BEGIN

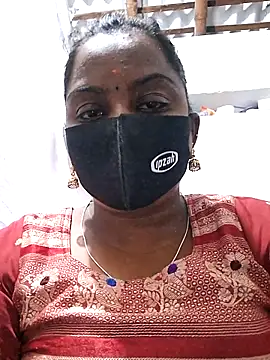 Snapshot of Tamil_Hot_Sindhu chatting on October 7, 8:28 pm Tamil Hot Sindhu online show from October 7, 8:28 pm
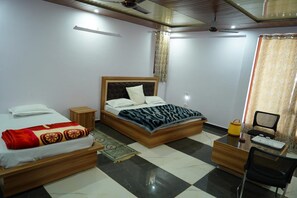 Room - Shri Anand Almora - Berinag Rd (Berinag)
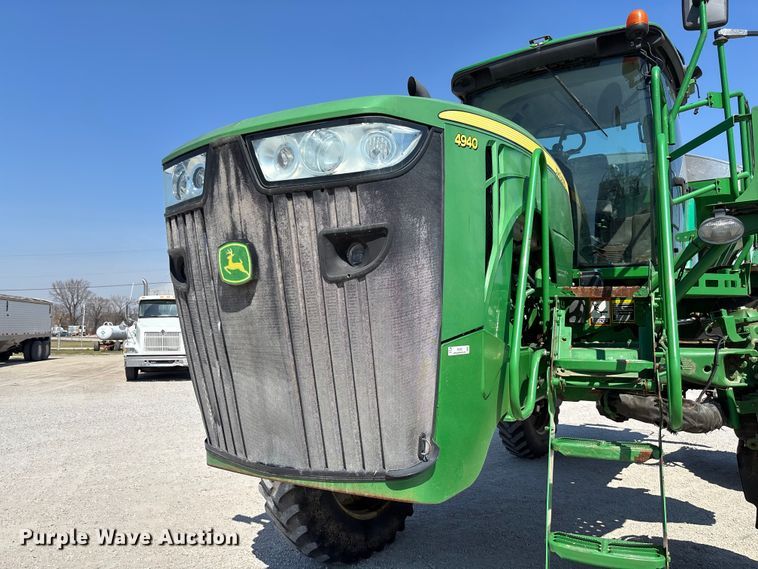 image for item FB3300 2014 John Deere 4940 spreader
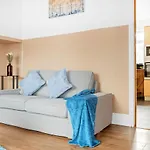 Felstead Road The Luxe Escape
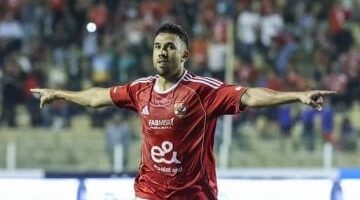 تريزيجيه يفتتح التسجيل للأهلي أمام شبيبة القبائل في الدقيقة 36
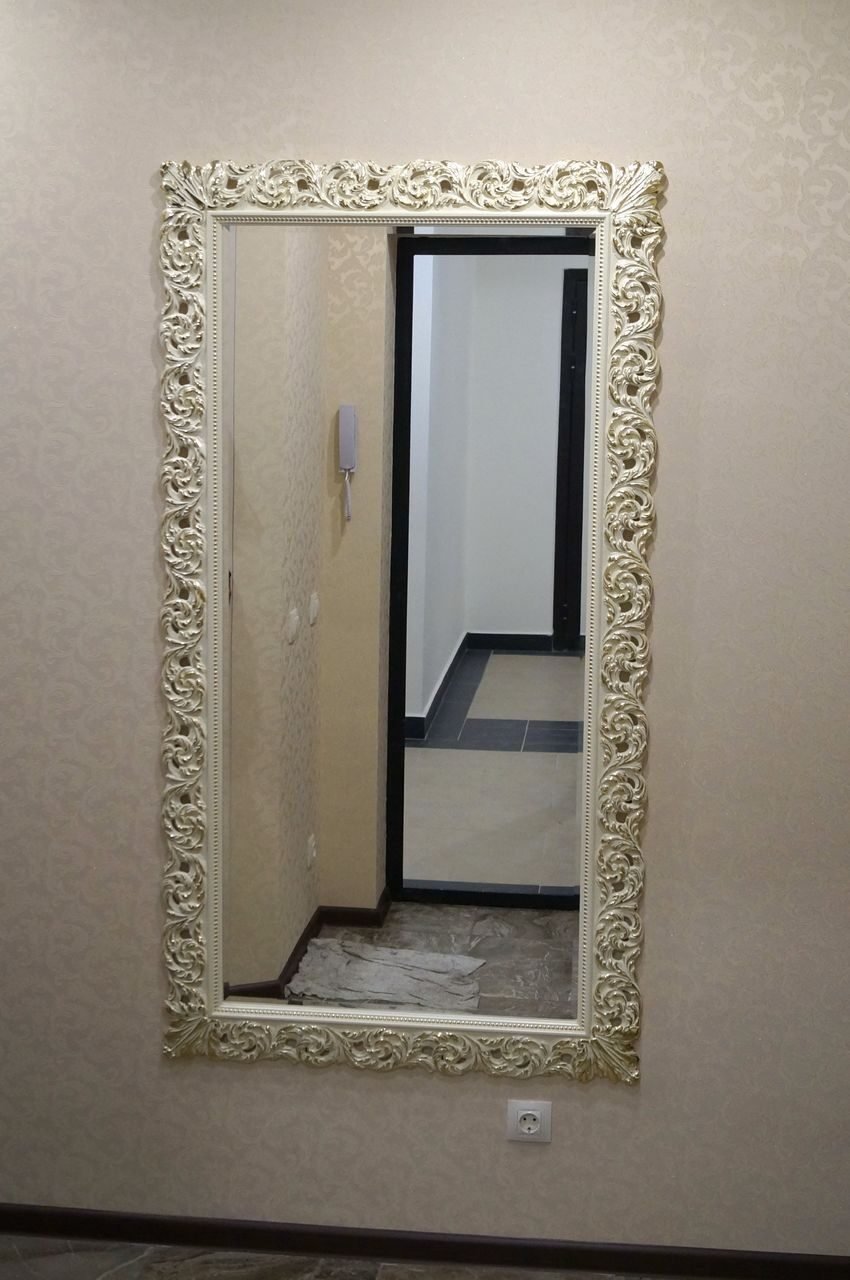 Зеркало в раме в интерьере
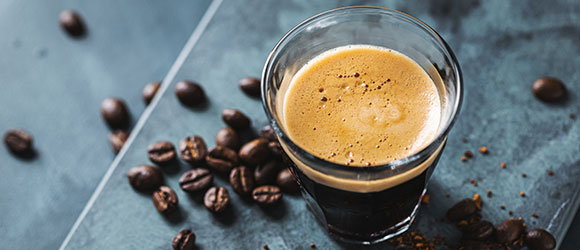 La crema del café: qué es, cómo se forma y qué nos dice realmente sobre tu espresso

END

# YOUR ASSIGNMENT
Pictures are to be omitted from the copy, and only the lines from the one containing "تريزيجيه يفتتح التسجيل" through the final line of the listing above are to be written out exactly.

# TASK RESULT
 تريزيجيه يفتتح التسجيل للأهلي أمام شبيبة القبائل في الدقيقة 36
 Зеркало в раме в интерьере
 La crema del café: qué es, cómo se forma y qué nos dice realmente sobre tu espresso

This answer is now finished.